The report into Mr Clinton's relationship with Monica Lewinsky, and efforts to cover it up, could be released any day.
After the Labor Day holiday signalled the beginning of the political season, the President spent yesterday on the campaign trail in Maryland, and today will visit Florida to campaign for the Democrat candidate for governor. His aides say that his trip to Russia and Ireland distracted from preparations for the report's arrival, and that now is the time to get him out in front of the public.
The Clinton administration says that it should be allowed to see the report in advance, arguing that, otherwise, it will be unable to present its own version of events. "Elemental fairness dictates that we be allowed to see any `report' you send to the House simultaneously with its transmission," the White House lawyer, David Kendall, said in a letter he wrote to Mr Starr on Monday.

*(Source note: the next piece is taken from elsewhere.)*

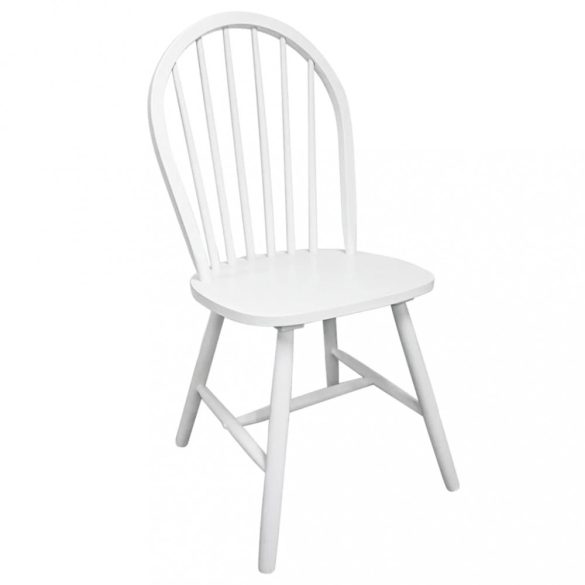 2 darab fehér tömör gumifa étkezőszék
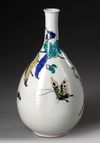 A JAPANESE KUTANI BOTTLE VASE, 18TH-19TH CENTURY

The tone of Mr Kendall's letter is to denigrate the very idea of a report, a word that Mr Kendall places in inverted commas throughout. Nothing in the law, he says, "authorises your office to prepare a `report' to the House that purports to summarise and analyse evidence". Mr Kendall says that he wants a week to examine the report.

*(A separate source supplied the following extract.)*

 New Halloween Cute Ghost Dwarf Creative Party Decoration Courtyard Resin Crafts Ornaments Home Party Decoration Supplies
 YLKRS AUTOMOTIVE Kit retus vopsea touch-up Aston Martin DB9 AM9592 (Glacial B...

The White House is said to be considering drawing up its own riposte to set out a different view of the arguments and facts in the Starr investigation. Clinton aides hope to deflect some of the criticism and give his allies on Capitol Hill some ammunition of their own. The White House report might be sent with Mr Starr's document to Judge Norma Holloway Johnson, Mr Kendall suggests, who has been supervising the grand jury's work.
The report, which may come this week, is not being written by Mr Starr. The author is Stephen Bates, a lawyer and writer who has made a name for himself with books and articles on several controversial legal cases. He is said by those who know him to be unideological, middle-of-the-road and low profile. His most important work to date is likely to run to about 300 pages, summarising the evidence drawn out by the grand jury. The Starr office will send the House Speaker, Newt Gingrich, a letter in advance, letting him know that the report is on the way.
The scramble to deal with the report, and its legal and political implications, has also begun on Capitol Hill. There are already tussles between Democrats and Republicans over the way in which Congress will handle it. The House Judiciary Committee will handle any impeachment hearings to arise out of the report, but there are few precedents as to how the committee should do it. A meeting today between Mr Gingrich and Richard Gephardt, the leader of the minority Democrats in the House, will try to sort out arrangements and procedures.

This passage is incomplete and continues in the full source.